One thing people fail to realize when saying "0 confirms are risky" is that risk is all relative. A lot depends on how valuable the goods are. While 0 confirmation may have some risk it is very low for low value transactions and likely far less than credit card fraud.
Say you are selling a sandwich for whatever $5 is worth in BTC. When you get a 0 confirm it has indicated that your client sees that address has sufficient value to complete the transaction. The risk is simply that before confirmed someone else could purchase something with the same address, a hypothetical "double spend".
Still remember the window of attack is very small. The AVERAGE block completion time is 10 minutes but ~50% of blocks are completed in less than 6 minutes. That means if two attackers timed it so they started their attack right after a block was discovered they have roughly 50% chance of getting both transactions completed prior to next block verification.

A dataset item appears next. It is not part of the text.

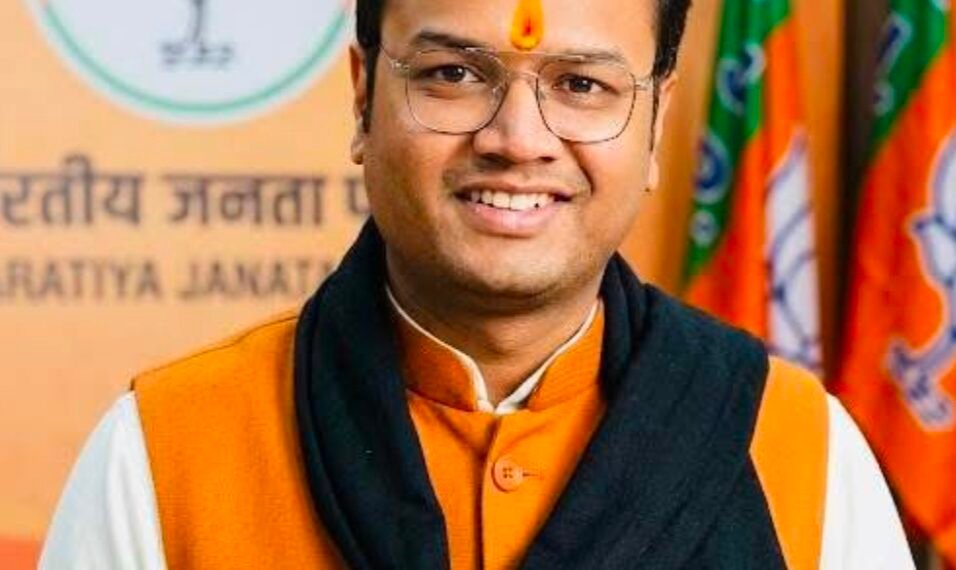 रोजगार से युवा आयोग तक, धामी सरकार ने युवाओं को दी नई उम्मीद: देवाशीष नेगी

To be defrauded BOTH transactions would have to be fully completed and the attacker gone within that window. For low value transaction especially in the real world that is incredibly unlikely. No attacker is guaranteed any sort of "minimum window" the next block might be verified in 10 minutes or in 9 seconds.
Now if you are selling $100K worth of gold then maybe you should wait for 6 confirmations but a customer moving $100K worth of gold likely would understand the need for security.
Unless your physical world business involves both fast transactions AND high street value I wouldn't worry. A bitcoin ATM however would be a good target for double spending thus some other mechanism would be needed to verify the transfer.